Я должен сказать, что, уже приступая к разбору документов, легших в основу этой книги, я предполагал a priori, что и в делах, касающихся промышленности, Наполеон проявлял ту же огромную работоспособность, быстроту и силу соображения, умение извлечь существенное из массы мелочей, ту же непреклонную волю, которую, по отзывам стольких свидетелей, — начиная от его секретаря барона Фэна или Тибодо, или Шапталя и кончая Меттернихом, — он проявлял и в других делах, и о которых громко свидетельствуют многочисленные факты его разнообразной деятельности.

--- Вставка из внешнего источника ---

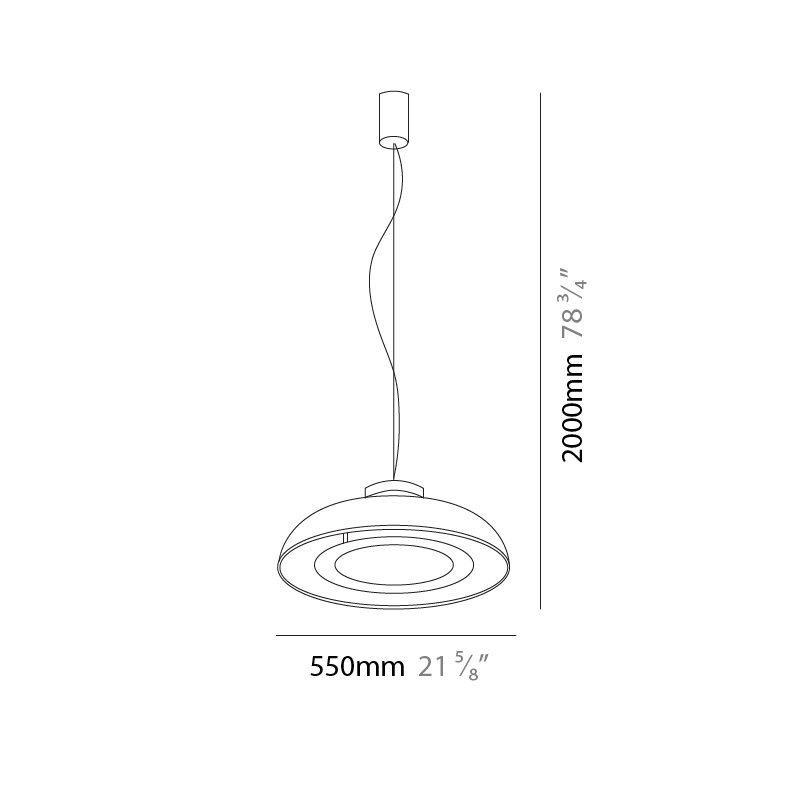 Duetto by Icone – 21 5/8″ Suspension, Pendant offers quality European interior lighting design | Zaneen Design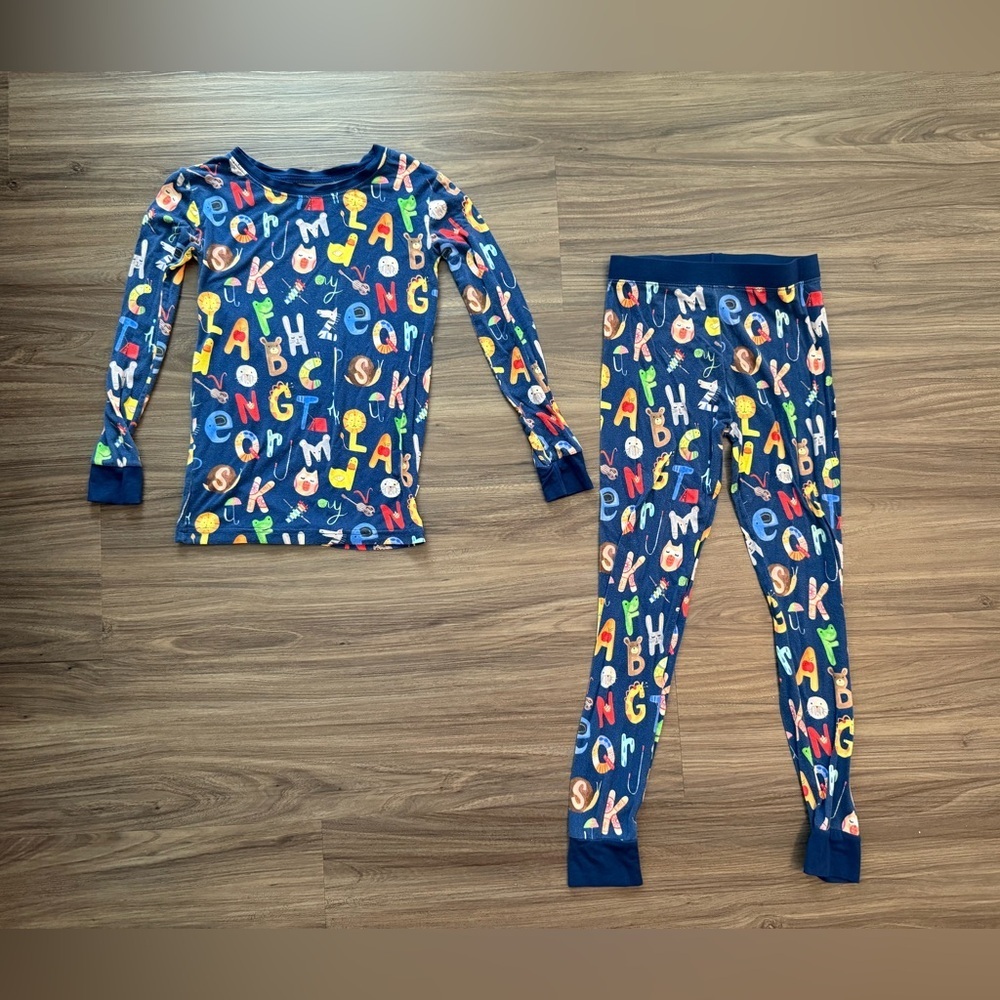 Little Sleepies Bamboo Blue Alphabet Kids Long Sleeve Pajama Set size 7/8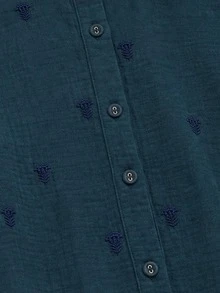 Nöista Blus Bordir Bunga dengan Kerah Bergelombang dan Lengan Mengembang. Musim Gugur/Musim Dingin, Kantor, Kembali ke Sekolah, Natal. - Biru - View 9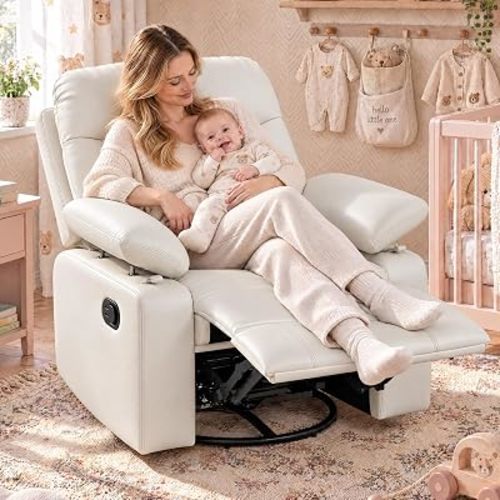 Manual Rocking Chair Nursery w/Adjustable Armrests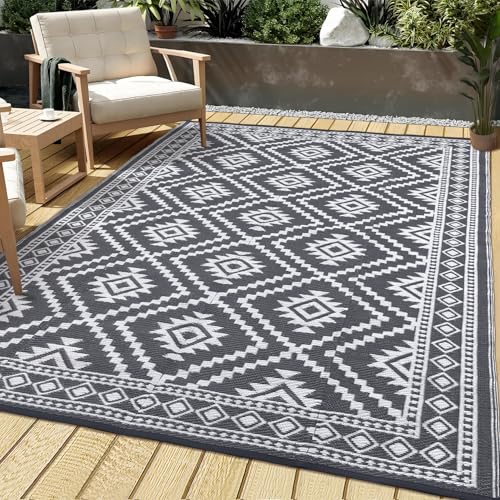 GAOMON Outdoor Waterproof Rug 9x12 Reversible Plastic Straw Rug, Modern UV Resistant Carpet Large Foldable Lightweight Floor Mat for Backyard, Camping, Bench, Picnic, Deck, Grey/White(Modern
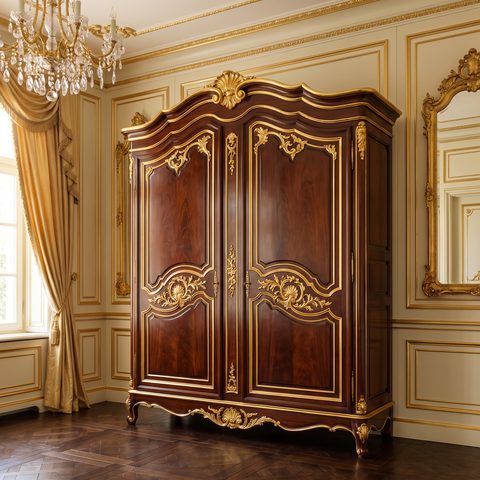 Barock Schrank aus Mahagoni mit vergoldeten Schnitzereien und geschweiftem Kranz
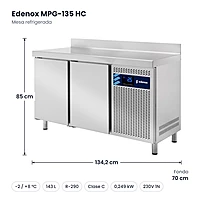 Medidas: Mesa refrigerada Edenox MPG-135 HC: 134,2 x 70 x 85 cm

Но действительность все же на этот раз превзошла ожидание. Трудно себе представить, до какой степени обширно, непрестанно, беспокойно было его вмешательство во все, касавшееся интересов промышленности. Ничто не могло отвлечь его надолго от этих вопросов. Готовится новая огромная и отчаянная борьба с Австрией, но Наполеон среди приготовлений находит время гневливо указать министру внутренних дел, что нужно выписывать баранов-мериносов, а не овец, ибо этого требуют нужды акклиматизации, нужды шерстяной промышленности. Будучи в Смоленске, он одним разрешает, другим отказывает в разрешении ввезти 20—30—40 тюков хлопка из Испании или из Италии. Из Тильзита он торопит великого канцлера с распубликованием мирного договора с Россией и Пруссией, так как от промедления страдают интересы торговых сношений с этими странами{30}. Он не довольствуется постоянными вопросами и резолюциями по поводу уже представленных ему докладов. Очень часто он лично возбуждает дела и требует докладов. Не нужно ли запретить вывоз шелка-сырца из Италии в Германию, чтобы лионские мануфактуры не нуждались в сырье?{31}. Почему так медленно происходит засев полей свекловицей, хватит ли сырья для сахарных заводов? Чем именно пернамбукский хлопок выше того, что приходит из Георгии? — Каждый понедельник император председательствует в образованном по его повелению совете, заведовавшем делами торговли и промышленности и состоявшем из нескольких сановников, и по протоколам заседаний мояшо судить, что император никому не уступал инициативной роли па этих заседаниях. И горе было, если он находил, что его слуги и помощники допускают небрежность или проявляют несообразительность в деле содействия интересам французской промышленности, французского сбыта! 16 ноября 1809 г. Наполеон отправляет гневное письмо министру внутренних дел. Пять месяцев император «был хозяином Вены и части австрийской монархии», и «если бы во главе (управления — Е. Т.) торговлей во Франции стоял человек просвещенный и усердный», то он не преминул бы устроить беспошлинный ввоз в Австрию французских сукон, вин и других товаров. А теперь — позабыли этим воспользоваться! {32}.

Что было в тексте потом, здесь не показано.